3. Small Group Heritage: John Wesley, the founder of Methodism, was a big believer in small groups.  He organized people into “bands” and “class meetings” for Scripture study and accountability.  Each small group was instructed to begin with the question, “How is it with your soul?”  Up until last week, I always found that question to be a little invasive, and rather difficult for an icebreaker!  But last Thursday, I realized what power this question has!  Our souls, we discovered, were tired, frazzled, excited, burned out, overwhelmed, and joyful.  As we responded to this simple question, we were able to understand each other on an much deeper level than we would have otherwise.  And the lovely thing about gathering together with other youth workers is: we get each other!  As each person shared, I looked around the room and saw the rest of us nodding our heads.  Whether or not we had been in that exact situation before, we understood…and thus were able to validate each other’s fears, questions, and vulnerabilities.

Often we think of Lent as a time of going into the desert, where it is dry and barren.  But we are discovering that we find God in that very same wilderness…so it can’t really be empty, can it?  Perhaps instead, Lent is a season of oasis and refreshment, in the midst of the deserts where we find ourselves! 

Meditation on Faith

24 07 2009

(I know that this is formatted differently from most posts.  It was inspired by a creative journal entry that I wrote last year, and I tried to convey the imagery of the journal using colors, indentations, and font styles.  Think of it as a work in progress…)

You of little faith!    – Matthew 6:30b

Truly I tell you, if you have faith the size of a mustard seed, you will say to this mountain, ‘Move from here to there,’ and it will move.”
– Matthew 17:20

Now faith is the assurance of things hoped for, the conviction of things not seen.  For by it the men of old gained approval…

Abraham believed the Lord, and it was credited to him as righteousness.
– Genesis 15:6

By faith we understood that the worlds were prepared by the word of God, so that what is seen was not made out of things which were visible…

I say, faith is a burden.  It’s a weight to bear.  It’s brave and bittersweet.  And hope is hard to hold to.  Lord, I believe!  Only help my unbelief!
– Andrew Peterson, No More Faith

“…God has allotted to each a measure of faith.”  – Romans 12:3

“Now there are a variety of gifts, but the same Spirit…to another [is given] faith by the same Spirit…”  – 1 Cor. 12:48

Preach faith until you have it.  Then, preach faith.

So what, then, is this faith thing? An assurance, a conviction?  A burden?  A gift?

It’s hard to understand the fact that God has given people faith in different amounts, and yet the world testifies to that very fact.  There are people who struggle as they search for a faith that they don’t really feel, and others who can’t help but believe,  as though that faith was programmed into the core of their soul.

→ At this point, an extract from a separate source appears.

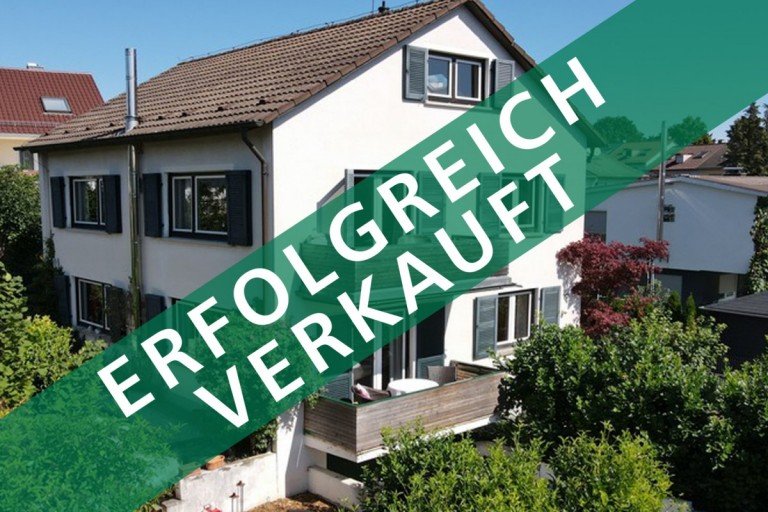 VERKAUFT Reutlingen Einfamilienhaus Liebevoll gestaltetes Einfamilienhaus in bevorzugter Wohnlage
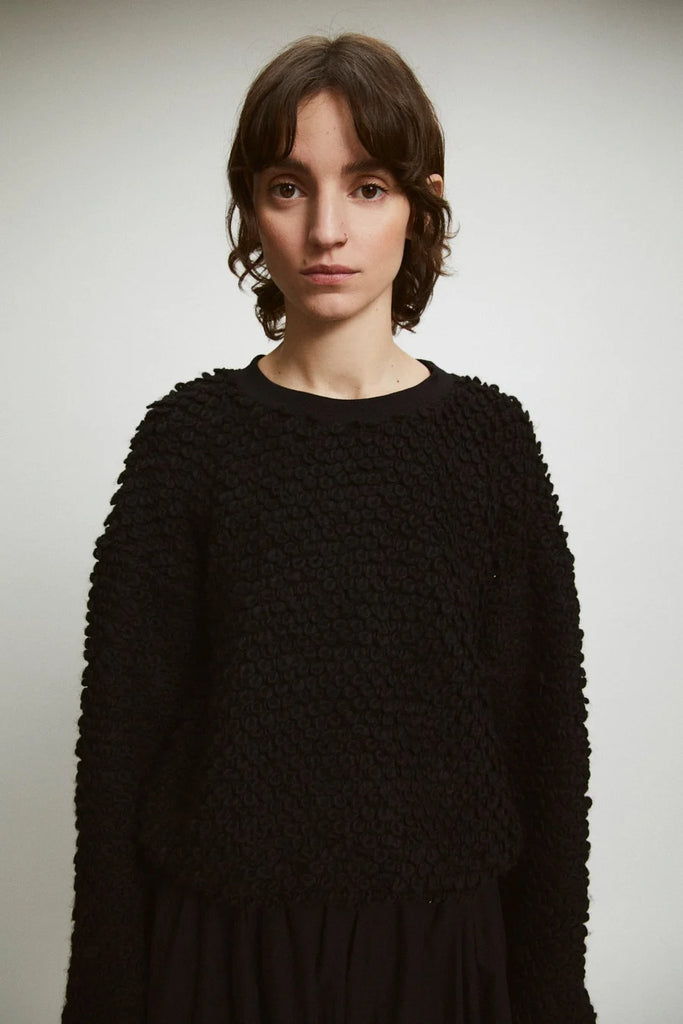 RITA ROW - MARIN SWEATER - BLACK - FW23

Everywhere there are people who claim that even the “best” non-believers are still living in sin because they do not believe.  But Scripture teaches that faith is a gift, just as teaching is a gift, and healing is a gift.  And exercising any one of these gifts without love is nothing: a clanging symbol, a noisy gong.  In other words, useless.

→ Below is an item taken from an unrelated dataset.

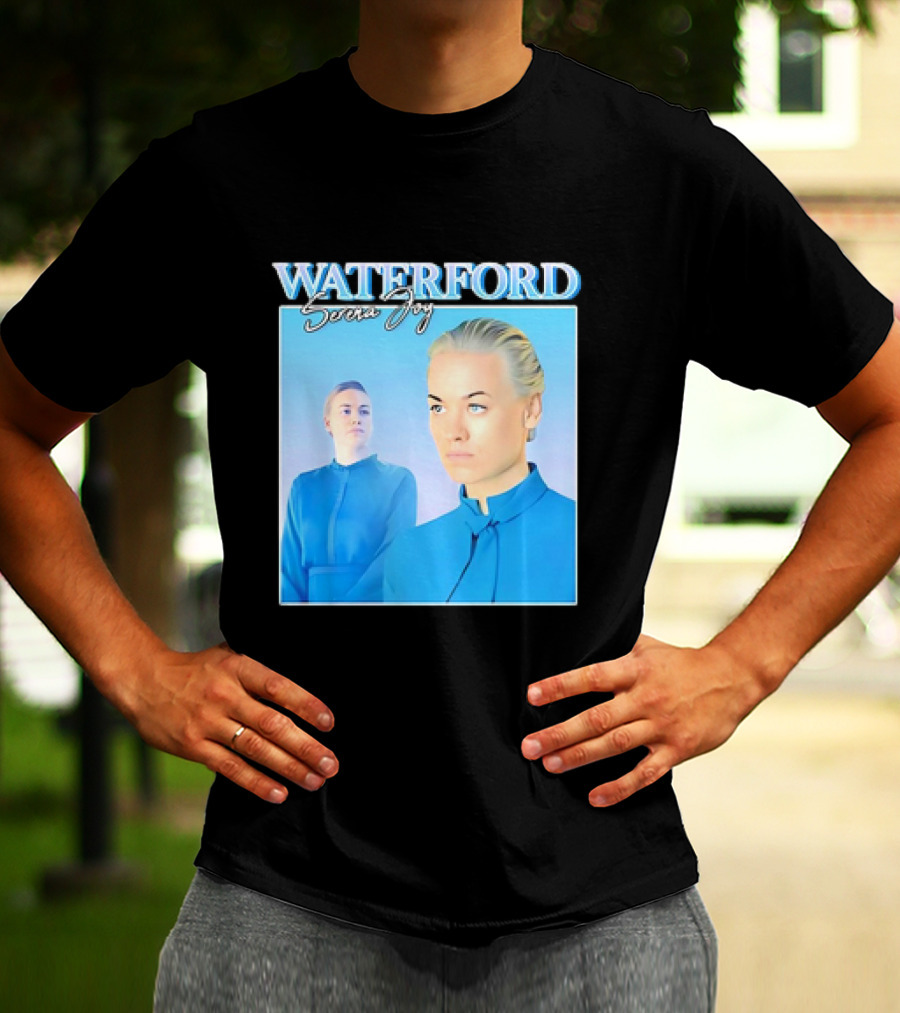 Waterford Serena Joy Blue Outfit Portrait T-Shirt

But what happens when you exercise one of these gifts without faith?  Surely no gift is greater than the other; in the body of Christ, there is room (and necessity) for each person to exercise his or her unique gifts, in proportion to God’s allotment.  And so, I can’t help but wonder…is there room (and necessity) for the non-believer to exercise his or her unique gifts?

I am reminded of a conversation that I once overheard between a Christian and a rabbi.  The Christian asked, “Don’t you get tired of having to live up to an unrealistic standard of righteousness in the laws?”

The rabbi answered, “I’d rather ask myself, ‘Am I doing enough?’ than have to always worry, ‘Do I believe enough?'”

…Because what happens when you can’t measure up to that standard?  What happens when you find your soul devoid of faith? Is the advice passed on by John Wesley enough: can you preach faith until you have it, and hope that by doing enough, you will train yourself to believe enough?